Dongling Li
2026
Answering Cross-Dimensional Geometric Visual Questions by Multi-constraint Spatial Reasoning
Dongling Li | Qi Chen | Jianxing Yu | Hanjiang Lai | Yanghui Rao | Wenqing Chen | Jian Yin
Findings of the Association for Computational Linguistics: ACL 2026
Dongling Li | Qi Chen | Jianxing Yu | Hanjiang Lai | Yanghui Rao | Wenqing Chen | Jian Yin
Findings of the Association for Computational Linguistics: ACL 2026
This paper focuses on the task of answering complex visual questions that involve cross-dimensional (like 2D to 3D) spatial reasoning. This task (called SpatialQA) can enhance the machine’s spatial cognitive abilities in "plane representation - space reconstruction - semantic inference," having great application value. Existing methods often only recognize 1-D visual objects and relations, but they lack the ability to represent in a cross-dimensional space and fail to grasp structured geometric knowledge such as face-face topology and texture details. That would cause problems such as texture misalignment and topological confusion, leading to error accumulation and incorrect answers.

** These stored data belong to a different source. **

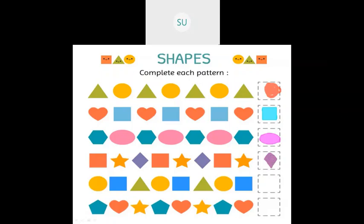In the circle-square-triangle pattern, the three shapes repeat in order: circle, square, triangle. After a square comes a triangle. In the pentagon-heart-star pattern, after a pentagon and heart comes a star, and the sequence repeats.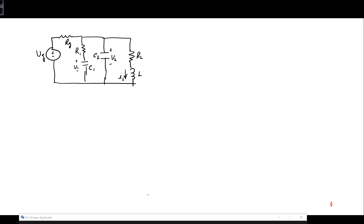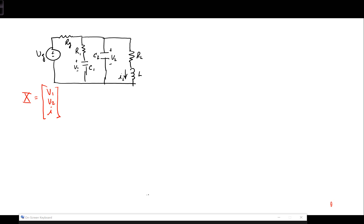In the state space approach, we need to first identify the state variables. They are the voltage across each capacitor — notated here as V1 and V2 — and the current through the inductor as the third state variable. So the state vector X consists of three rows: the V1 row, V2 row, and I. This identifies the order of the matrices we'll be developing.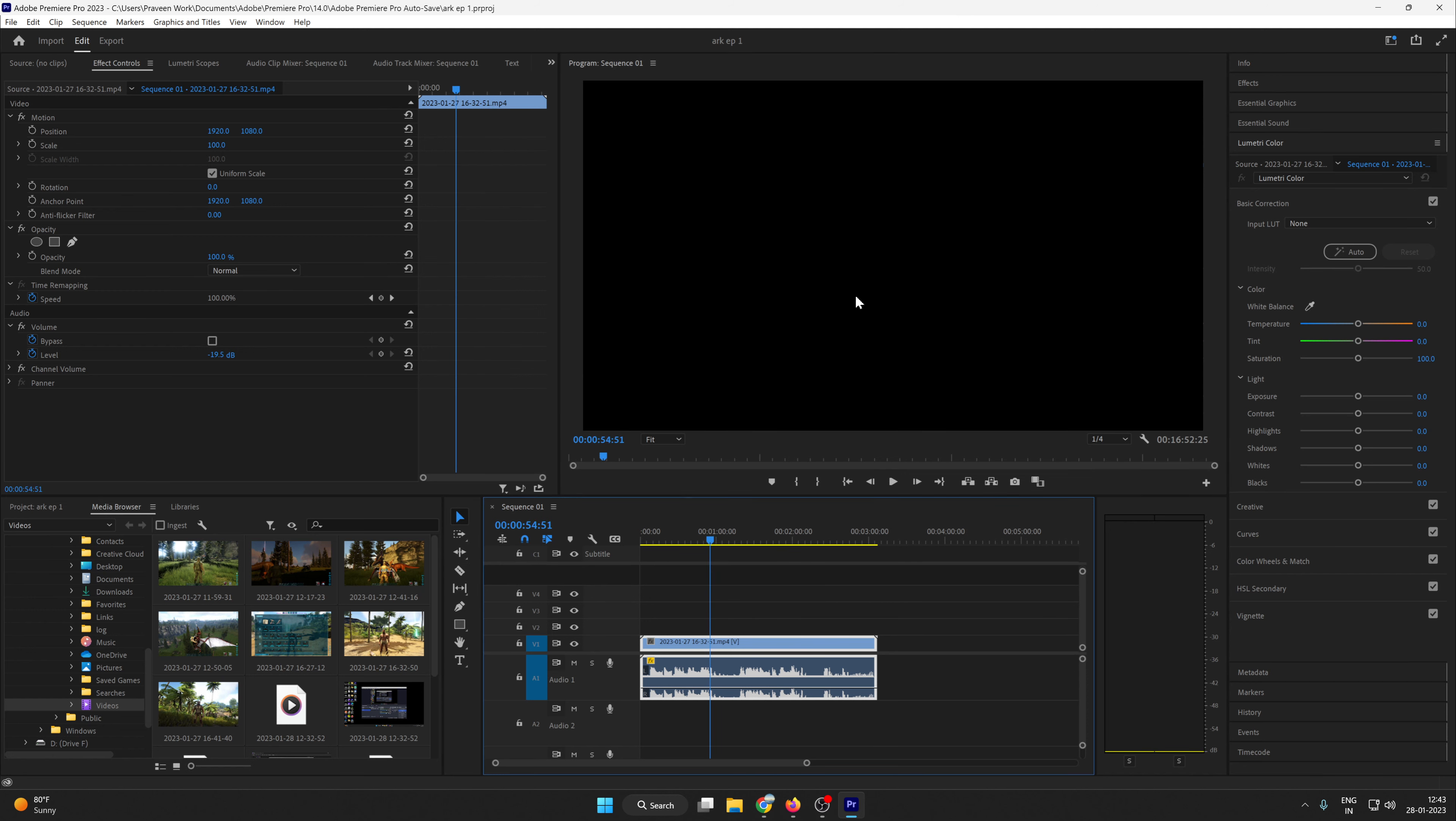And here you can see the timeline. Wherever you go to the timeline section, there is only and only black screen in the preview section.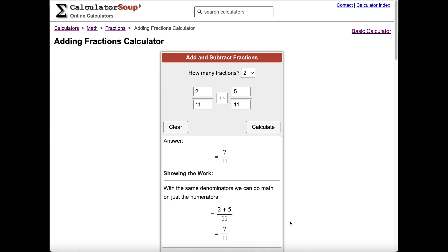Now you know how to add fractions with like denominators. Thank you for watching this tutorial. If you have any questions or need further assistance, feel free to leave a comment below. Don't forget to like and subscribe for more helpful tutorials from Calculator Soup.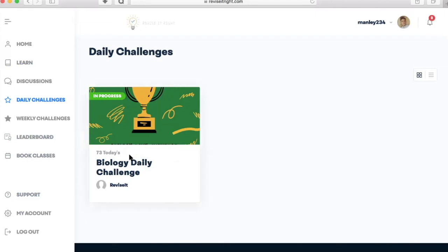We'll be updating the website all the time, so head on over to reviseitright.com and sign up for a free account today.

To address this problem, we propose a new method with good cross-dimensional reasoning capabilities. In detail, we first analyze the input image, capturing its relations in the 2D plane. To derive the topological relations in the 3D space, we employ a dual-channel augmentation technique to retrieve topological isomorphic examples and geometric rules, supplementing the missing but crucial reasoning clues. We then design a multi-perspective verifier to find the inconsistencies of the macroscopic outlines, eliminating incorrect options. Based on visual clues, we develop a question-guided detector to analyze the texture details and relations of each surface finely, capturing inconsistencies in a micro level. That can correct the reasoning bias to derive the right answer. Moreover, we create a large-scale dataset with 22,483 samples to conduct evaluations. The results show the effectiveness of our method.